А дальше? Ни в коем случае слово на "-ец" или "-рец" (конец, ларец - капец!). Включила красную мигалку, чтобы помнить и к ТАКИМ не приближаться. Почему? Да потому что "зарублю" четверостишие, если не весь стих, банальностью. Я люблю добавлять в стих так называемый воздух - свободную, вольную, самую музыкальную рифму. Пусть она будет созвучна лишь обликом, но это будет тень дерева, похожая на человека. То есть слово будет на "арЕ". Здесь не ищу сложных путей и выбираю "на заре", так как заря связана и с небом (откуда "око") и со звездами. За "звезды" я как раз и берусь. Экспрессионизм (священный ужас) наращиваю - око оказывается последней на заре звездой. Леонид Андреев бы одобрил.

Средь звёзд у Господа дворец.
Живя в том тереме высоко,
Он зрит в меня безумным оком:
Звездой последней - на заре.

Примечательно наличие в четвертой строке тире. Так я заставляю читателя делать паузу.

Бог - дан. А что с моей стороны? Я собираюсь зажечь ему свечу. "Разгляди нас в этой темноте, Боже, и спаси" (тоже у меня).
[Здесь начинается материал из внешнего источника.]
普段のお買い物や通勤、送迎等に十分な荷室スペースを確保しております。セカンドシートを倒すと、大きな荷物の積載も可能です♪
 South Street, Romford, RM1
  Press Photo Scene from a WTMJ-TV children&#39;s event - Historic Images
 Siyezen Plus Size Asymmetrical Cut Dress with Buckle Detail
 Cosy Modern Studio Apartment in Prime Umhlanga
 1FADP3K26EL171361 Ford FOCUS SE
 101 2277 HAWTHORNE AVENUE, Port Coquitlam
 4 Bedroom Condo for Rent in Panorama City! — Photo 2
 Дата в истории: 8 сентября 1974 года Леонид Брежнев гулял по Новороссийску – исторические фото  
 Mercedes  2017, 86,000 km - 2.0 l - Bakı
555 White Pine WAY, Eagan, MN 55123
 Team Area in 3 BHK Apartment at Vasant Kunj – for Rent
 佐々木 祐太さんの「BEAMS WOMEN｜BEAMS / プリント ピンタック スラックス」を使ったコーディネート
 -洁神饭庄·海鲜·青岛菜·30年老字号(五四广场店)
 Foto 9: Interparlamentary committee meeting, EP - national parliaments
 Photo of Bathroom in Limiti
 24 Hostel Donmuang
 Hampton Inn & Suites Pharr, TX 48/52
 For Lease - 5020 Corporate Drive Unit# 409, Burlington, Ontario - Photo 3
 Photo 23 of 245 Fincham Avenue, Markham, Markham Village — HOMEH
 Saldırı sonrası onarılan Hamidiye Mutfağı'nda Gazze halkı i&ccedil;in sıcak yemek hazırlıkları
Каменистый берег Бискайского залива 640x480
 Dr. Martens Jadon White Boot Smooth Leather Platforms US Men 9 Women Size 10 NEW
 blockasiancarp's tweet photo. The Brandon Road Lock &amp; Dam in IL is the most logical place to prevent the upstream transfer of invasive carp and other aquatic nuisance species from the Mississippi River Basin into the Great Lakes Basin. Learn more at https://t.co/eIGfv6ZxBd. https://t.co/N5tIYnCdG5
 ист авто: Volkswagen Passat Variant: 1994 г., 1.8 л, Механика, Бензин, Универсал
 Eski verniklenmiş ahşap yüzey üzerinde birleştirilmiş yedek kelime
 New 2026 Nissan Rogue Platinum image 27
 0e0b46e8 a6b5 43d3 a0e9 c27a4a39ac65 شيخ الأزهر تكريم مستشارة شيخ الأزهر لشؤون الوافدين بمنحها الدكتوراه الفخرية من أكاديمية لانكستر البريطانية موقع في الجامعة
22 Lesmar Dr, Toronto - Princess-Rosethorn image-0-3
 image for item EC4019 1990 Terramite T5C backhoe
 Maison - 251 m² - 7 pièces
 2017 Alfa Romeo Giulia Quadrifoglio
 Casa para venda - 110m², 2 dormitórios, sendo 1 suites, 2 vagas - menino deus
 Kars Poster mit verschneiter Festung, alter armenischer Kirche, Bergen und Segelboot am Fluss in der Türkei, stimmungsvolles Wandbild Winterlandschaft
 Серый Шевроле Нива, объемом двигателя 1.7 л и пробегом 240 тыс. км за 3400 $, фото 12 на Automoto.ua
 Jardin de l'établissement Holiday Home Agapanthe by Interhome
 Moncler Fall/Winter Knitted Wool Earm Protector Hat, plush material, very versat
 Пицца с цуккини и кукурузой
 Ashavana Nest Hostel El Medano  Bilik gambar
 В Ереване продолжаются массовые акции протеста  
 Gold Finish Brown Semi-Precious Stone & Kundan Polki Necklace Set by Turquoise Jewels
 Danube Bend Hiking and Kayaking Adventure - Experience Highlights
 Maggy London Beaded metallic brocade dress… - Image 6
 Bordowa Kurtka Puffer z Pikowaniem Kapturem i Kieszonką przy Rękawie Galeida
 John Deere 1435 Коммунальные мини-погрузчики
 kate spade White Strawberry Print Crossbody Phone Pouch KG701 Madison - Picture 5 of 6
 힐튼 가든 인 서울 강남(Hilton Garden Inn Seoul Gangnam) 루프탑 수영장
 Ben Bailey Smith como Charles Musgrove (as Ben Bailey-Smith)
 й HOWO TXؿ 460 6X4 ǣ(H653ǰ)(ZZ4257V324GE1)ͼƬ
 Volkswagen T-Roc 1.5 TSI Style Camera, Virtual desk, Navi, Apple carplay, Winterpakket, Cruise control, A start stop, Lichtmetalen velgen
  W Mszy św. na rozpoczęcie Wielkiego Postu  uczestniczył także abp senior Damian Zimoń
Не забывая про музыку стиха, ищу оптимальную фразу, подбирая и сопоставляя слова. Некоторые так и не хотят соседствовать. Ну, зажгу я ему свечу. Какую? Конечно, рыдающую (воском). Разве можно зажечь другую - Ему? "Зажгу ему в слезах свечу". Фраза потрясающая потому, что имеет два смысла: в слезах может быть свеча, а могу быть и я. Не от счастья к Богу бежим. Первой в четверостишии фраза, конечно, может стоять, но я ставлю во вторую позицию (опять же, дав первую строку себе для экспозиции или объяснения, почему зажигаю). "Чтоб отыскал во мраке ночи" - это пересказ фразы "Разгляди нас в этой темноте, Боже..." В данном случае "разглядел" не подойдет (слишком это слово безучастно). Третья фраза должна рифмоваться со второй. Никаких слов на "-чу" (нет воздуха). Только на "-чуть/-чудь". Вспоминаю, что я уже использовала в одном из стихотворений слово "чудь" (авторский неологизм). Лучше же, чем "чуть-чуть", которое совсем не поэтично. По суггестии, слово "чудь" отлично вписывается. Одновременно приходит рифма на "ночи". С воздухом: "-очит". Слово должно быть короткое (не "кровоточит"). Не тот размер. Молниеносно: "точит" - "коса" - "смерть". Следовательно, две последние строки нужно организовывать вместе. Я заявляю, что я (или лирический герой) отличаюсь от других: я этот звон слышу, когда остальные воспринимают как чудь (слуховую галлюцинацию). "Я слышу звон, другому - чудь..." "Косу старуха ("смерть" - не тот размер) КАК? ГДЕ? точит". Сначала я написала - "лирой", но смысл был мутный. После - "мирно"? Но какой "мирно", когда точит - смерть? "Мерно" - что-то из математики. Четвертый вариант стал последним - "верно". Не первый же раз она этим занимается.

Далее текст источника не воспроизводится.